# vacuum sealing dehydrated milk



## Dakine (Sep 4, 2012)

I was thinking I could make the little bags and store 1/3 cup into each, but now after running a couple through that I'm thinking this is going to consume a LOT of vacuum seal bag. 

Looks like I'll be buying these bags by the case


----------



## Grimm (Sep 5, 2012)

Have you thought of vacuum sealing in jars?


----------



## JayJay (Nov 23, 2010)

Grimm said:


> Have you thought of vacuum sealing in jars?


And if there is no power, you can use a brake bleeder to reseal.
It works. I have one and it is testy some time, but I like having it.


----------



## Grimm (Sep 5, 2012)

JayJay said:


> And if there is no power, you can use a brake bleeder to reseal.
> It works. I have one and it is testy some time, but I like having it.


I personally think sealing the powder in jars is less of a drain on the wallet because you don't have to buy the bags as often. Plus you can reseal after you use what you want from the jar.

The brake bleeder is smart too.


----------



## Dakine (Sep 4, 2012)

I have done powdered eggs in jars already, and they lose their seal after a few months. This could be sustainable if I were willing to put in the time to rotate it out and track it, but I'd rather not get that involved if I can solve it by throwing money at it and making it 20+years good to go.

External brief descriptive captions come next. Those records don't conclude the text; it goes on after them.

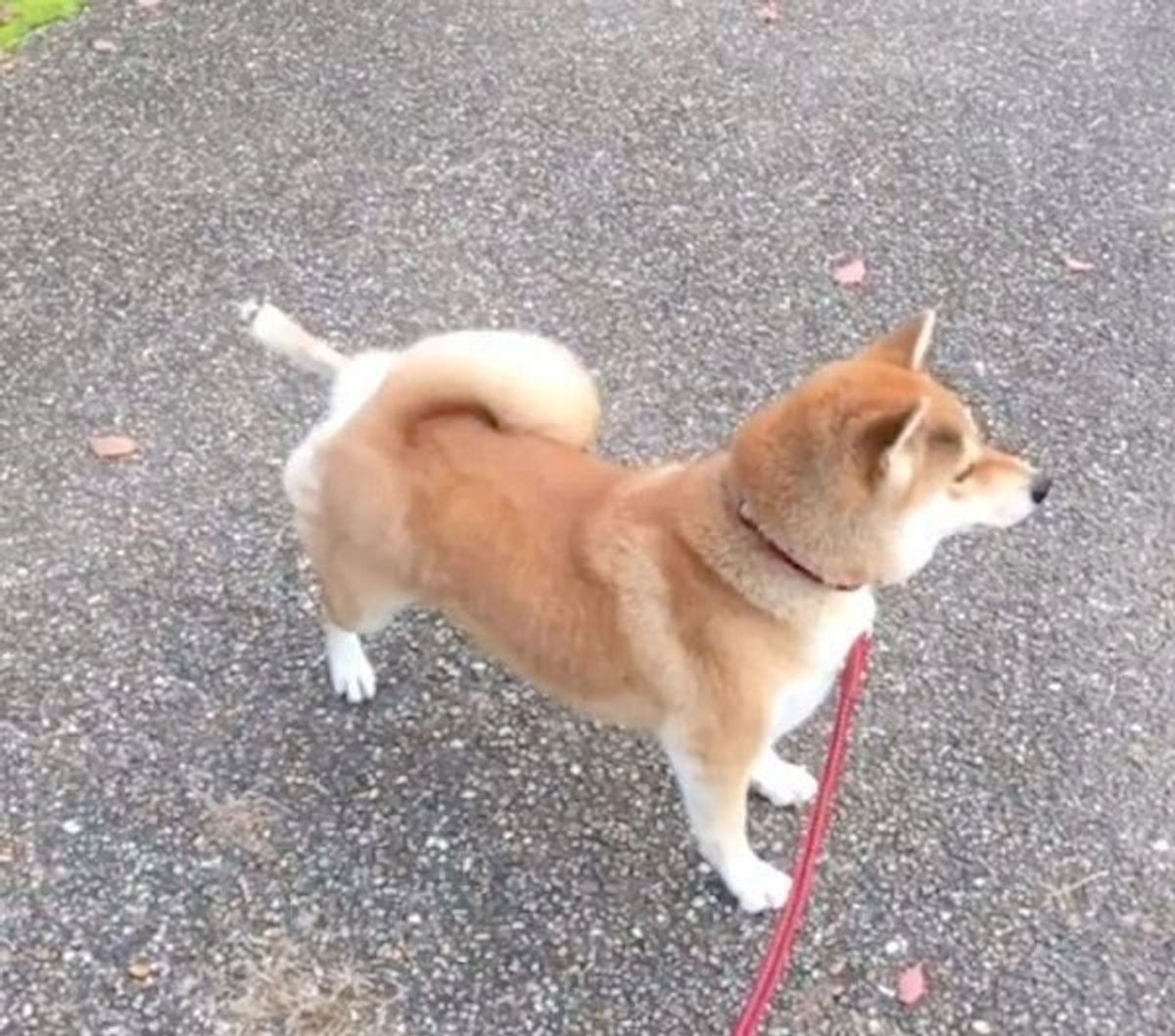 ウンチ後に後ろ足を蹴り上げる柴犬 スローで見ると意外な事実が 愛らしい姿に癒される いぬのきもちweb Magazine ウンチ後に後ろ足を蹴り上げる柴犬 スローで見ると意外な事実が 愛らしい姿に癒される いぬのきもちweb Magazine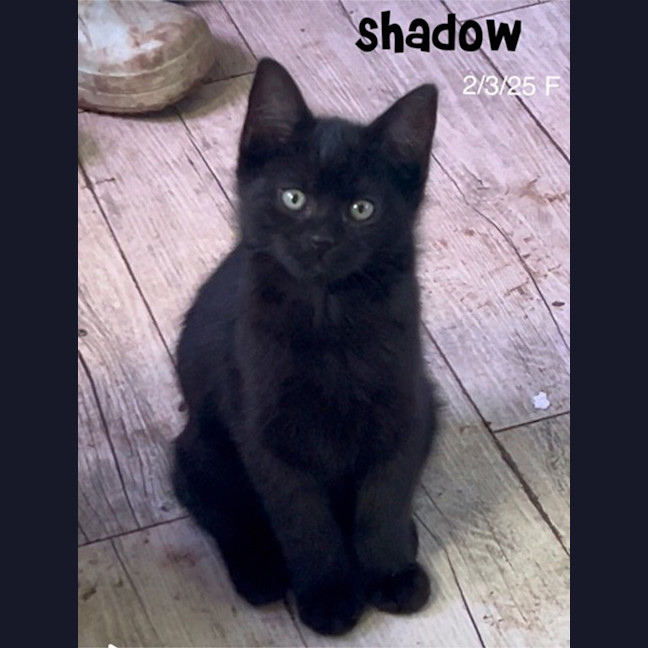 Photo of Shadow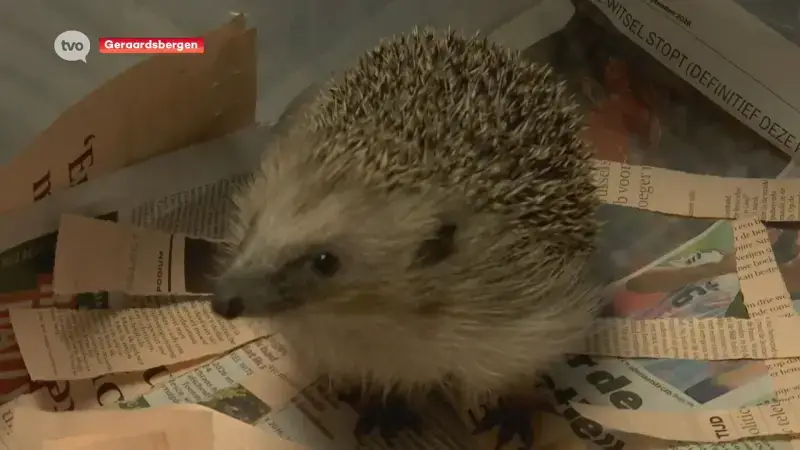 Meer wilde dieren in opvang door hitte afgelopen maanden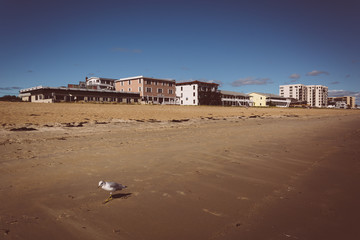 Seagull and buildings on the beach in Old Orchard Beach, Maine.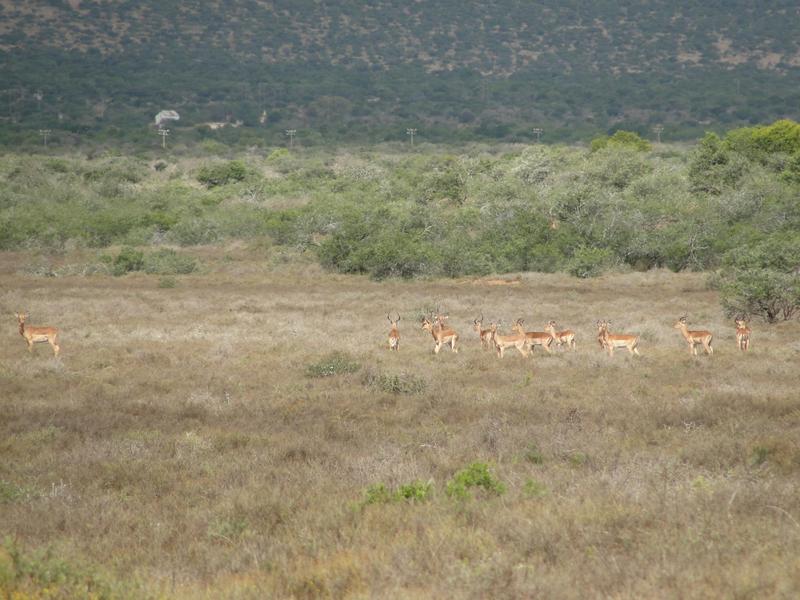 0 Bedroom Property for Sale in Kirkwood Eastern Cape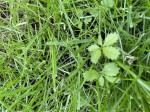 Plante à identifier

going to start a new thread with what I learned and ask if this is normal behavior from a foodsaver


----------



## Davarm (Oct 22, 2011)

I've vacuum sealed some powdered milk in bags, something you need to watch for is that some of the fine powder will likely get sucked into the vacuum pump and could shorten the life of sealer.


----------



## LincTex (Apr 1, 2011)

Dakine said:


> ... in jars already, and they lose their seal after a few months.





Davarm said:


> ...you need to watch for is that some of the fine powder will likely get sucked into the vacuum pump and could shorten the life of sealer.


Vacuum seal the powdered milk in jars first.... then vacuum seal the jar inside a bag!! Done!


----------



## goshengirl (Dec 18, 2010)

Dakine said:


> I have done powdered eggs in jars already, and they lose their seal after a few months.


Really? I've not had that problem with powdered items (I've sealed a lot of powdered seasonings and gravies, but not eggs, so that may be a difference.) I do use a small oxy absorber in the jar - I wonder if that creates enough of an additional vacuum on top of using the food saver vac to keep them sealed? I don't know about super long term, but I do have items that have stayed sealed for over two years (because I wasn't rotating stock as well as I should have been). I'm not a big fan of the bags anymore. I've found they can lose their seals after a while.


----------



## Cud579 (Apr 26, 2010)

Problems and solution for vaccuum sealing dry goods in jars.

I have had problems with my lids staying sealed for a length of time UNTIL I started heating my lids in the oven to soften the rubber on the lid. I did have to replace my clear tube once after sealing toooo many jars of cocoa powder.  I also started wiping my jars down just prior to vaccuum sealing them as there seemed to be a fine powder on them which caused them not to seal to good.

After i made the minor changes to the way I vaccuum seal dry goods, haven't had any failures. (Fingers crossed)


----------